FESTA DI ROMA 11 - "Cinque MoNdi" di vedere il cinema
Poter offrire alla gente uno sguardo differente dal solito, giocare con le loro emozioni, ma soprattutto creare bellezza attraverso immagini in movimento. Il ruolo del regista è, senza ombra di dubbio, un mestiere di grande fascino ed estrema responsabilità, e che chiunque si occupi di cinema almeno una volta avrà sognato di poterlo farlo.
Chi quel mestiere è stato in grado di trasformalo nella propria ragione di vita sono Roberto Benigni, Bernardo Bertolucci, Paolo Sorrentino, Gabriele Salvatores e Giuseppe Tornatore, gli ultimi registi italiani ad aver vinto il Premio Oscar, che
Giancarlo Soldi ha riunito nel suo "
Cinque MoNdi" per raccontare da dove nacque il "fuoco sacro" che diede origine a quelle fortunate carriere.

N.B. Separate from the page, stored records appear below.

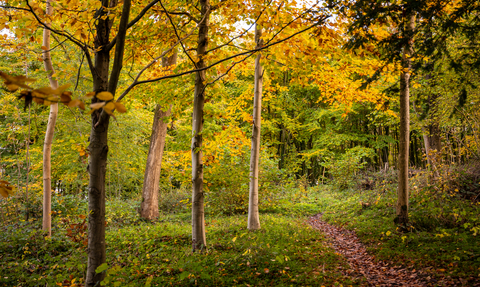 Autumn leaves at Frith Woods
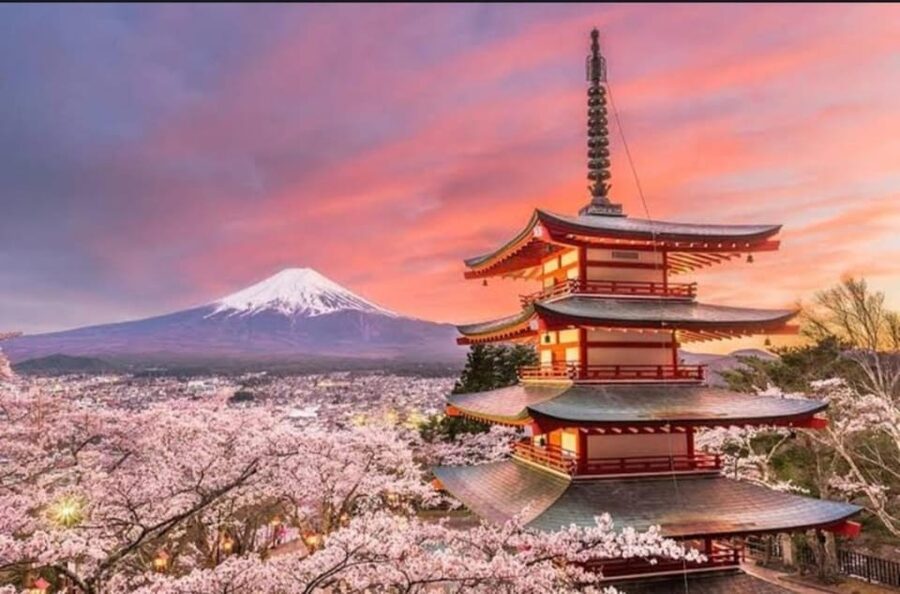 Tokyo: Private Day Trip to Mount Fuji and Hakone - Gotemba Premium Outlets and optional flexibility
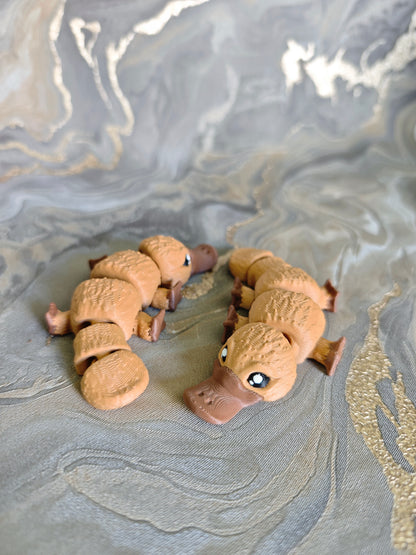 Schnabeltier Nami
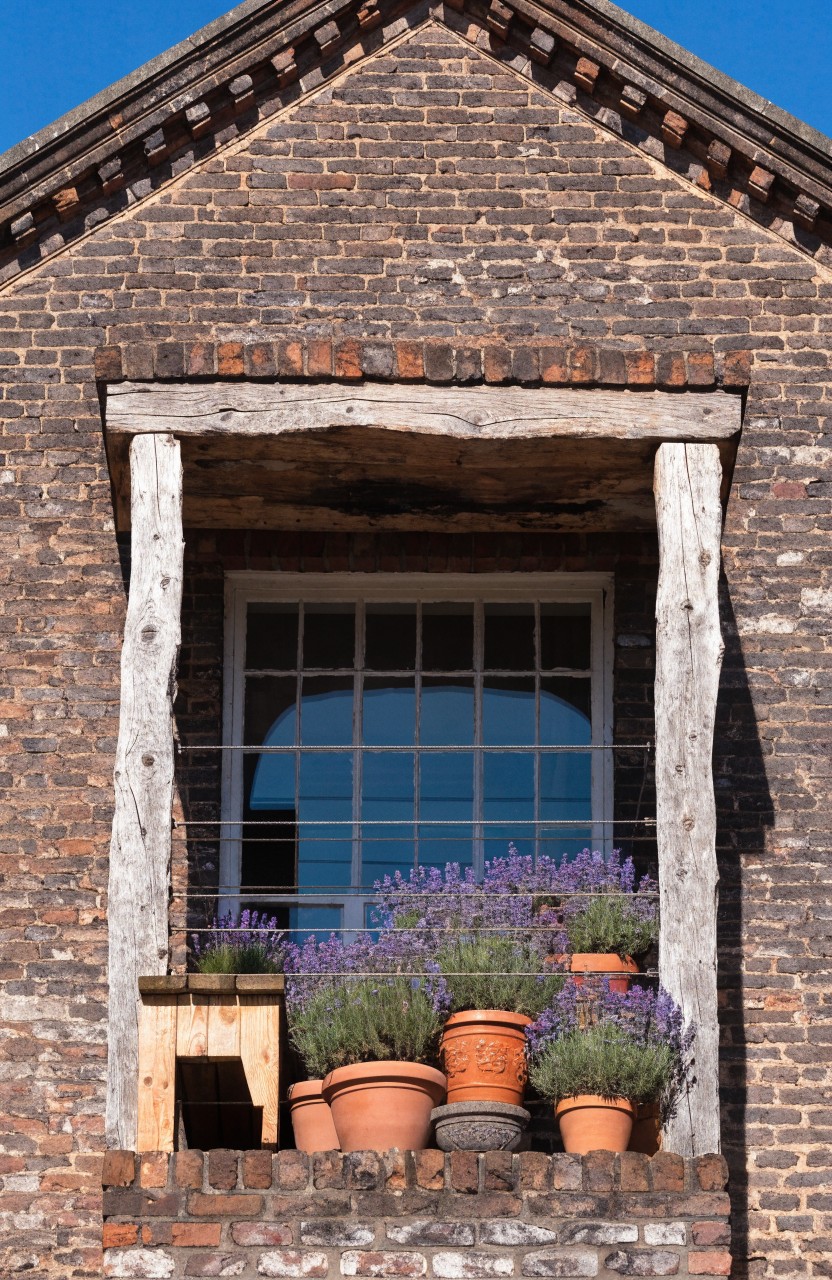 Rustic wooden-framed window in a brick building with terracotta pots of lavender plants clustered on the wide sill.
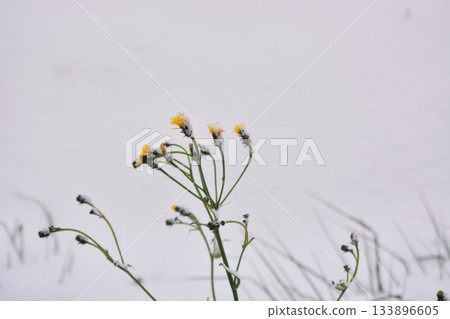 當它是第一場雪 133896605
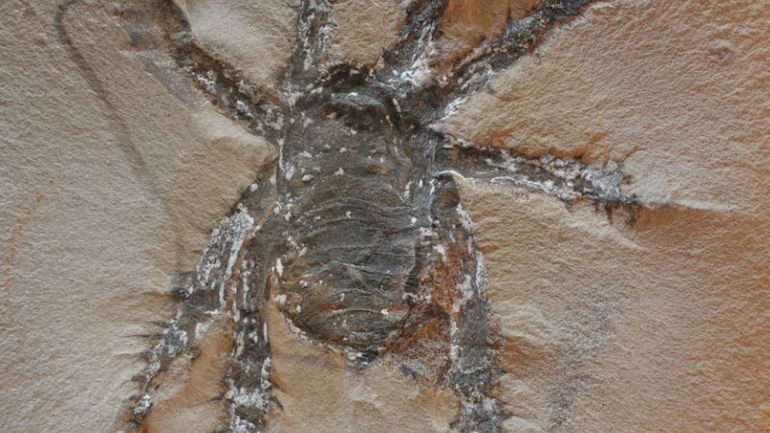 Researchers reveal fascinating discovery of prehistoric arachnid with imposing spiky appendages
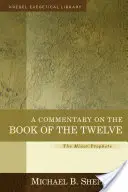 Comentario al Libro de los Doce: Los profetas menores - A Commentary on the Book of the Twelve: The Minor Prophets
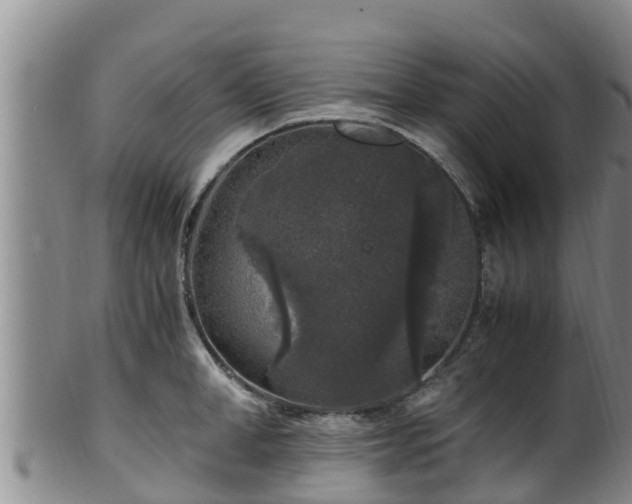 X0000100880998200806271133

Dalle parole degli intervistati vengono evocati i grandi maestri del passato e i film che hanno scritto le pagine più belle della nostra storia del cinema, ma la vera trovata del doc sta nel non mostrarne le sequenze originali, ma ciò che ne sta dietro, i making off, i backstage, una straordinaria carrellata di "artigiani" intenti a far nascere la propria creatura sul set.
Dal confronto a distanza tra i protagonisti del film, questa volta chiamati a posizionarsi davanti alla macchina da presa, emergono caratteristiche umane e sentimenti che si sublimano nel proprio modo di interpretare il cinema: Sorrentino si dice amante del "mistero", Benigni si lascia sempre "sorprendere" come un bambino, Bertolucci subisce il fascino della "modernità", per Tornatore ciò che rappresenta la sala ha qualcosa di "romantico", mentre Salvatores, a differenza degli americani, ama la "libertà" di poter cambiare e sperimentare in corsa.
Le testimonianze raccolte vanno a formare un manifesto su ciò che è stato il nostro cinema e su ciò che sarà, merce rara che da valore ad un documentario intimo e piacevole, da cui traspare il limpido e cristallino amore di Soldi per la settima arte.